#### [Directions]
In the copy, keep every word of the data below and none of its pictures.

#### [Available data]

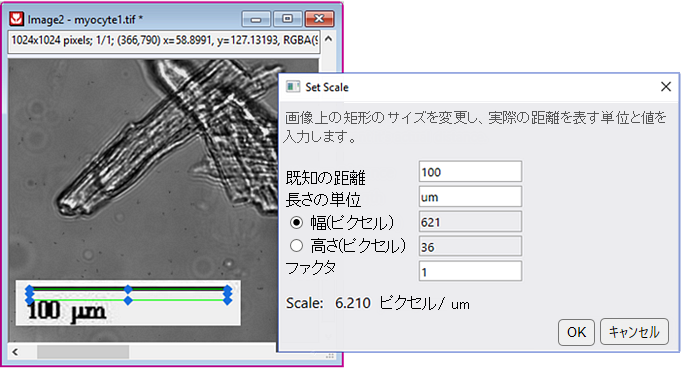 Set Scale Dialog.png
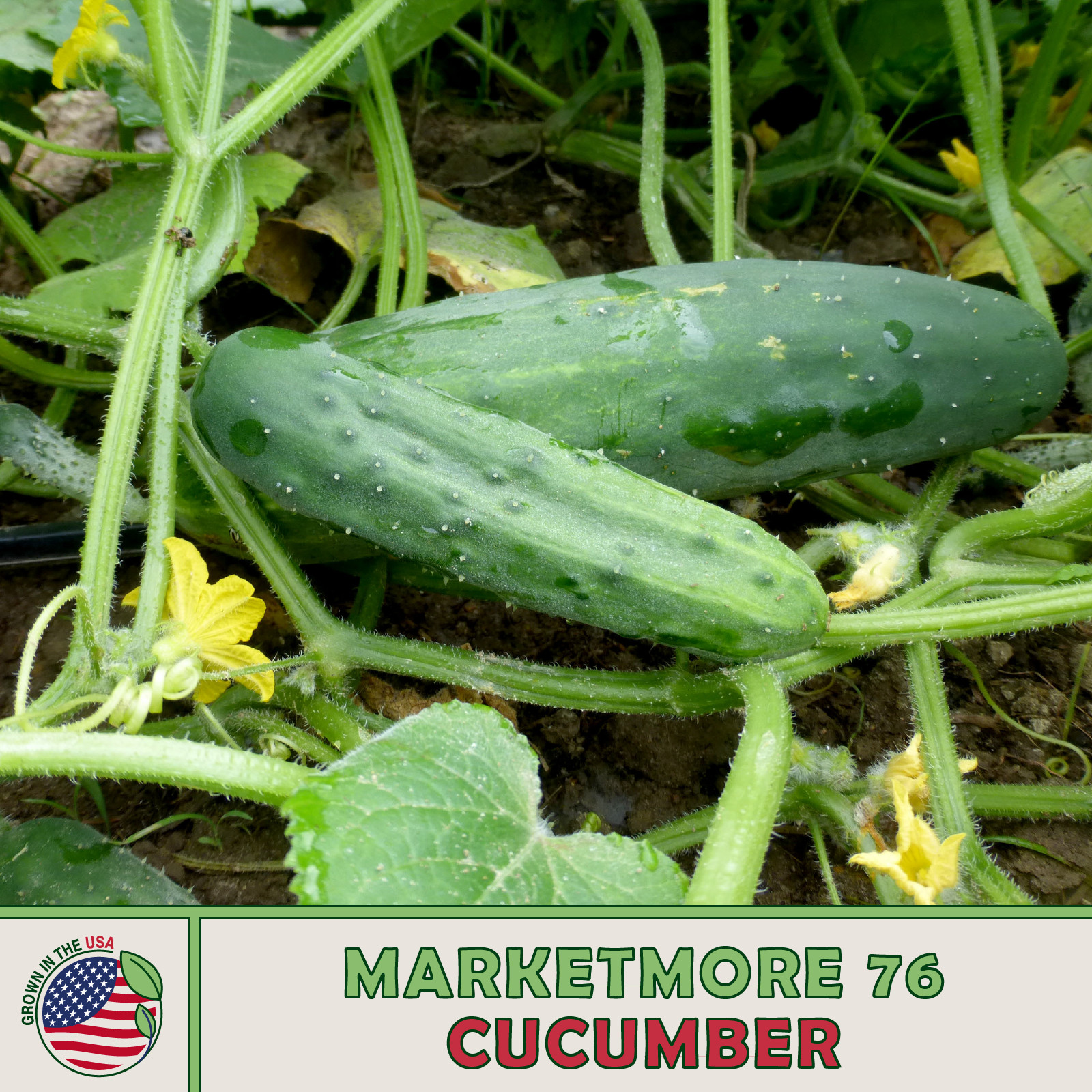 10 Marketmore 76 Cucumber Seeds, Open Pollinated, Genuine USA
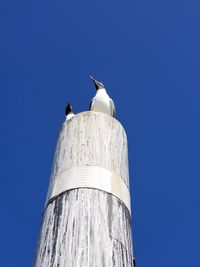 Low angle view of bird perching against clear blue sky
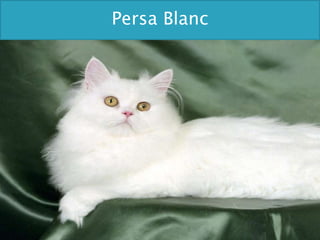 Persa Blanc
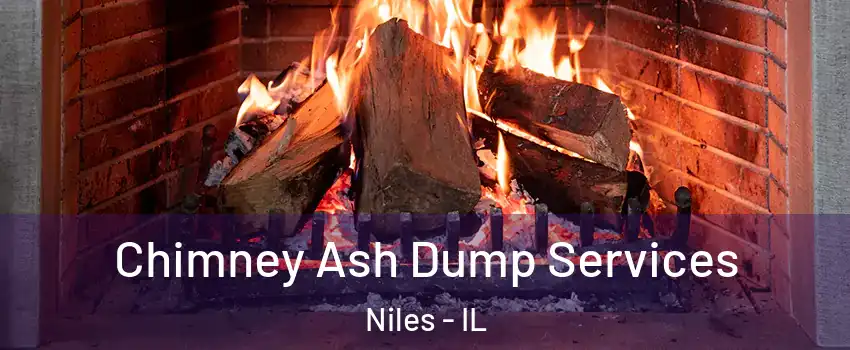  Chimney Ash Dump Services Niles - IL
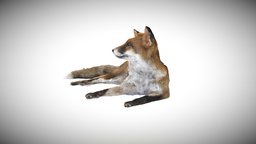 Fox Photogrammetry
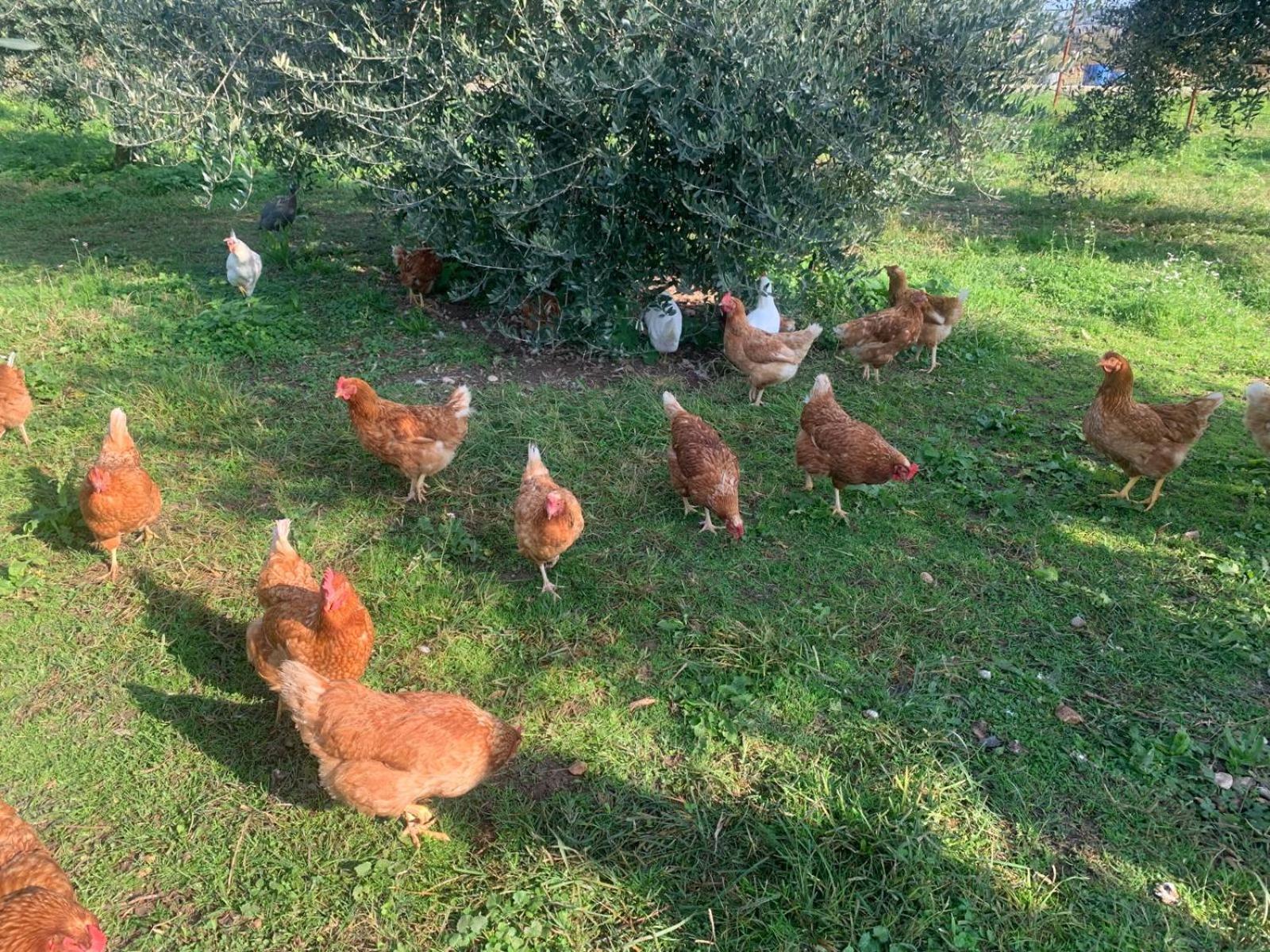 Agriturismo Corte Bonetti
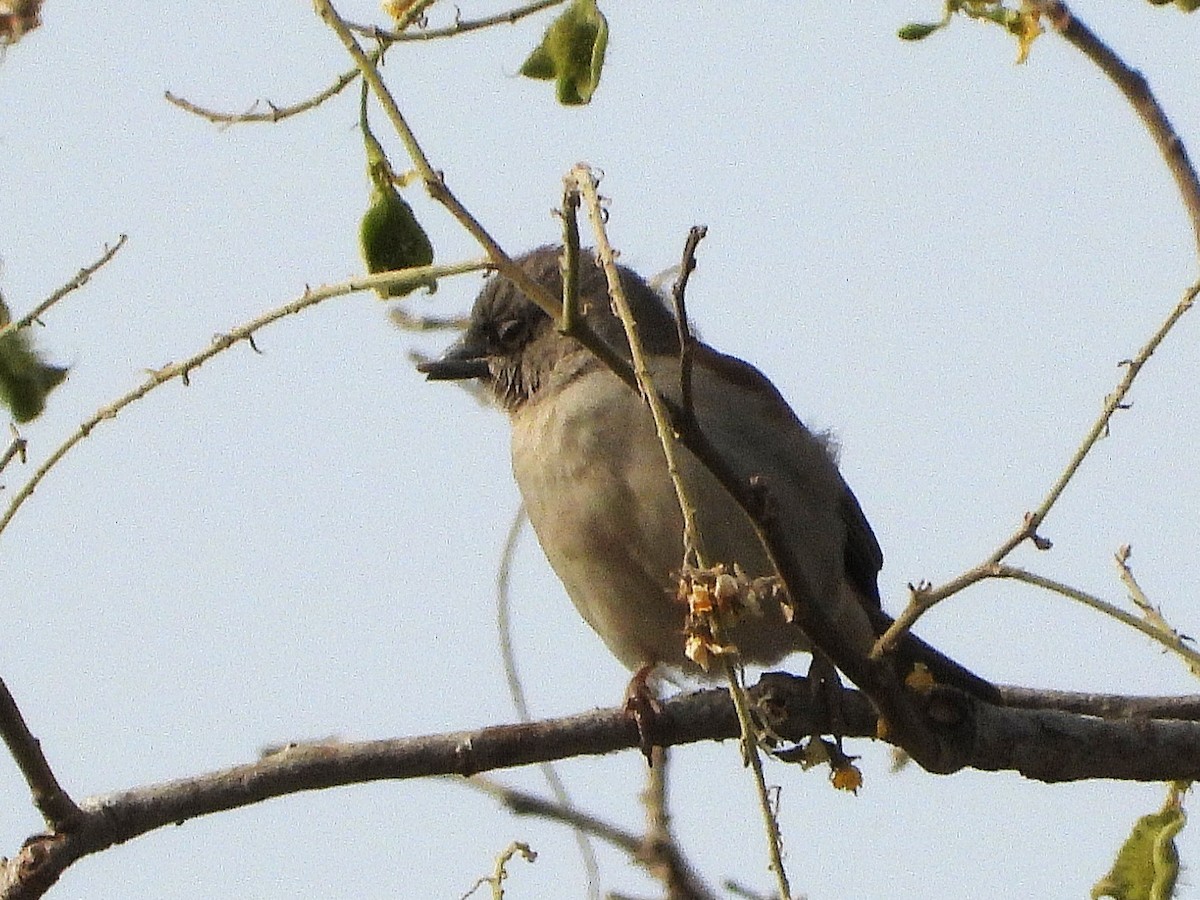 Northern Gray-headed Sparrow - ML635296893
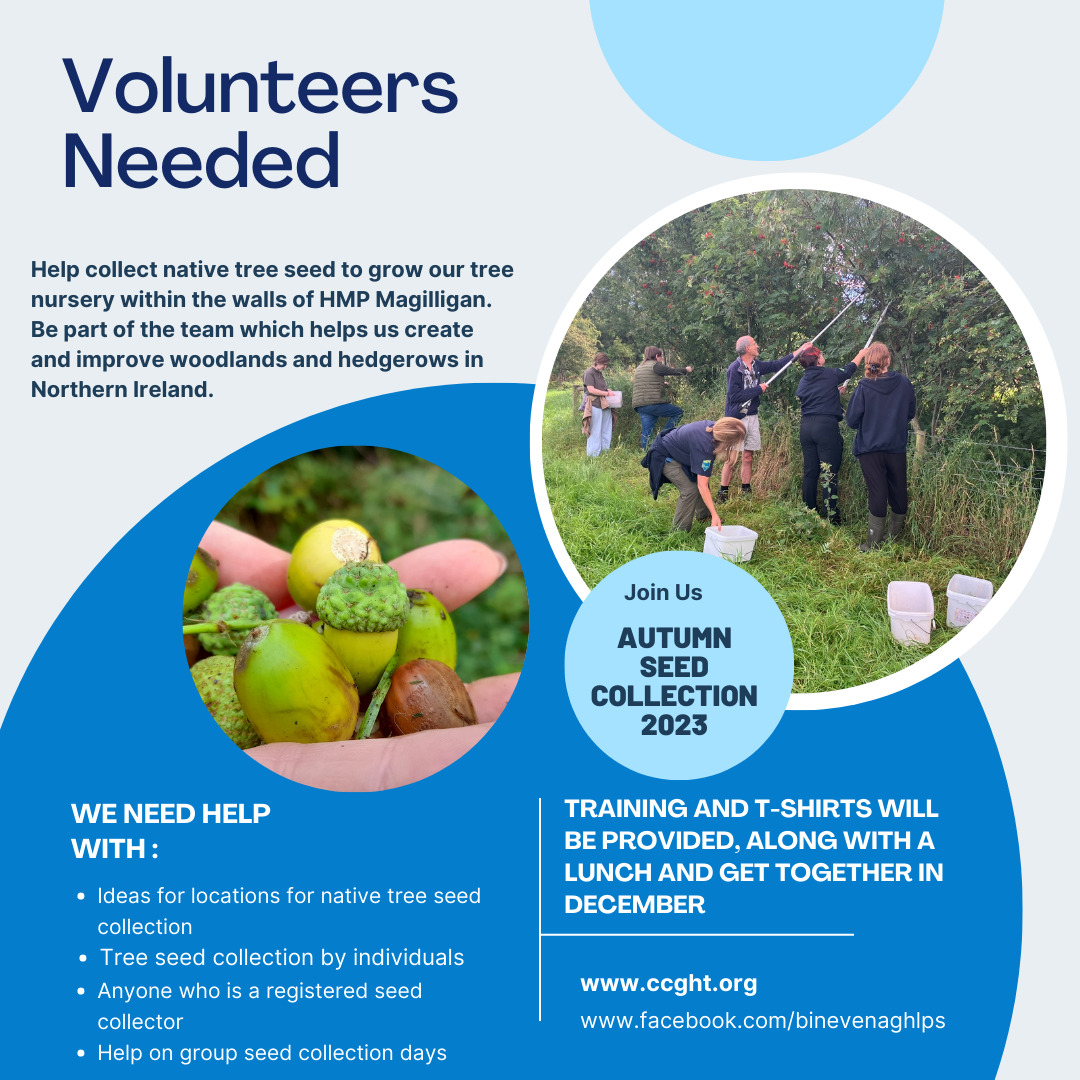 Embark on a new activity or have you got experience to share in native tree seed collecting!
You can get involved.
You can read more about it here buff.ly/43Qshhg 
You can make a difference to your local environment.

#nativetrees #conservation #treenursery #ccght #aonb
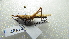  ( - NIBGE ORT-01187)  @13 [ ] CreativeCommons - Attribution Non-Commercial Share-Alike (2012) Muhammad Ashfaq National Institute for Biotechnology and Genetic Engineering Faisalabad Pakistan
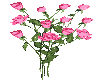 PINK ROSES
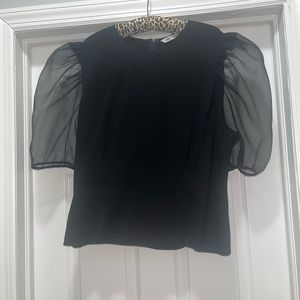 Zara sheer puffy sleeve top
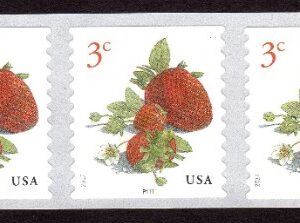 Scott #5201 Strawberries Plate # Coil (PNC9) of 9 Stamps - MNH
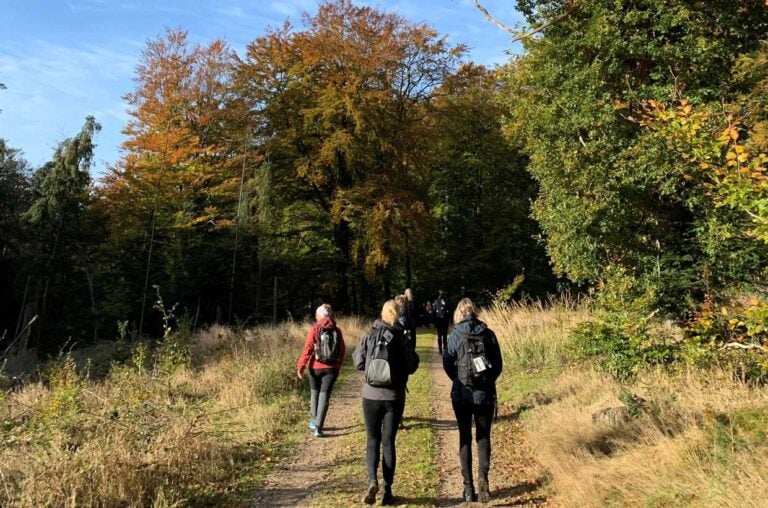 Fanø: Over stok og sten 2026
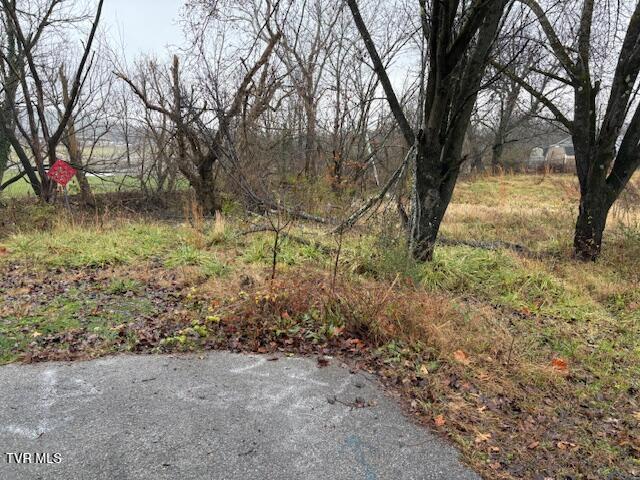 Photo #2: 221 Cedar Street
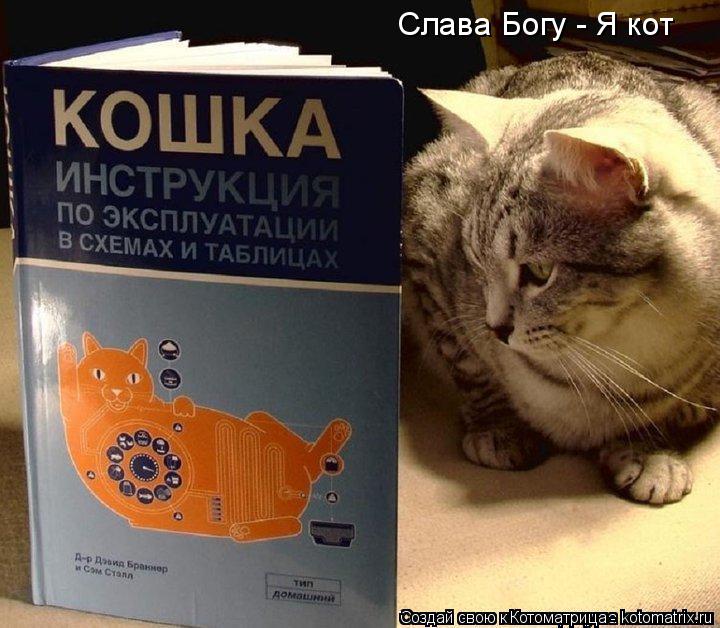Котоматрица: Слава Богу - Я кот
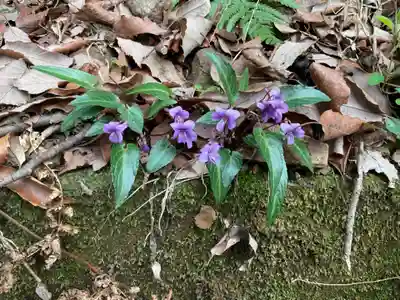 尾張冨士大宮浅間神社(愛知県)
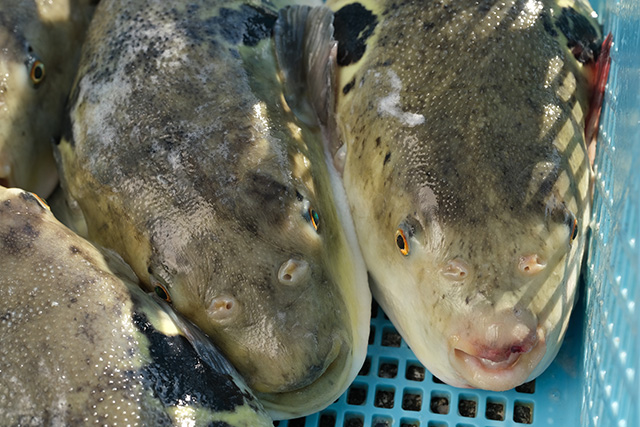 養殖トラフグの活魚水槽（臼杵市・木梨ふぐ九州店）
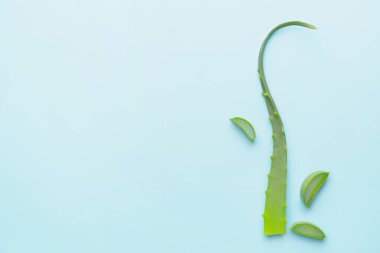 Renk arkaplanında taze kesilmiş aloe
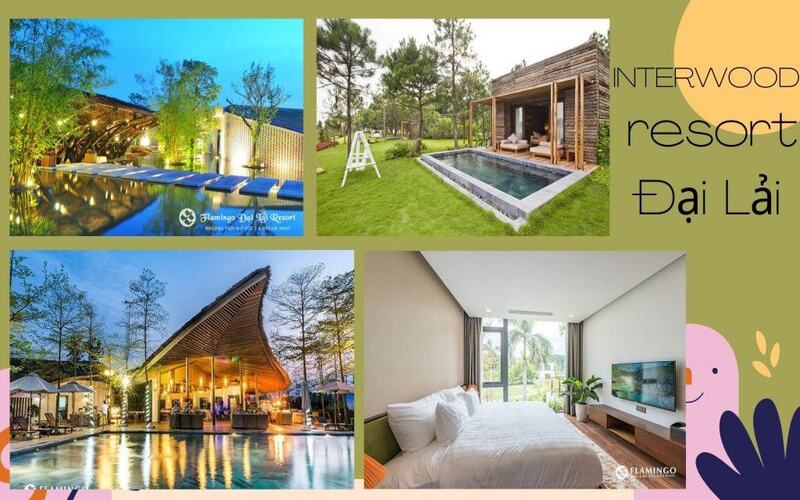 Top 5 resort Đại Lải đẹp nhất đẳng cấp 3-4-5 sao đáng để nghỉ dưỡng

#### [Expected output]
 Set Scale Dialog.png
 10 Marketmore 76 Cucumber Seeds, Open Pollinated, Genuine USA
 Low angle view of bird perching against clear blue sky
 Persa Blanc
  Chimney Ash Dump Services Niles - IL
 Fox Photogrammetry
 Agriturismo Corte Bonetti
 Northern Gray-headed Sparrow - ML635296893
 Embark on a new activity or have you got experience to share in native tree seed collecting!
You can get involved.
You can read more about it here buff.ly/43Qshhg 
You can make a difference to your local environment.

#nativetrees #conservation #treenursery #ccght #aonb
  ( - NIBGE ORT-01187)  @13 [ ] CreativeCommons - Attribution Non-Commercial Share-Alike (2012) Muhammad Ashfaq National Institute for Biotechnology and Genetic Engineering Faisalabad Pakistan
 PINK ROSES
 Zara sheer puffy sleeve top
 Scott #5201 Strawberries Plate # Coil (PNC9) of 9 Stamps - MNH
 Fanø: Over stok og sten 2026
 Photo #2: 221 Cedar Street
Котоматрица: Слава Богу - Я кот
 尾張冨士大宮浅間神社(愛知県)
 養殖トラフグの活魚水槽（臼杵市・木梨ふぐ九州店）
 Renk arkaplanında taze kesilmiş aloe
 Top 5 resort Đại Lải đẹp nhất đẳng cấp 3-4-5 sao đáng để nghỉ dưỡng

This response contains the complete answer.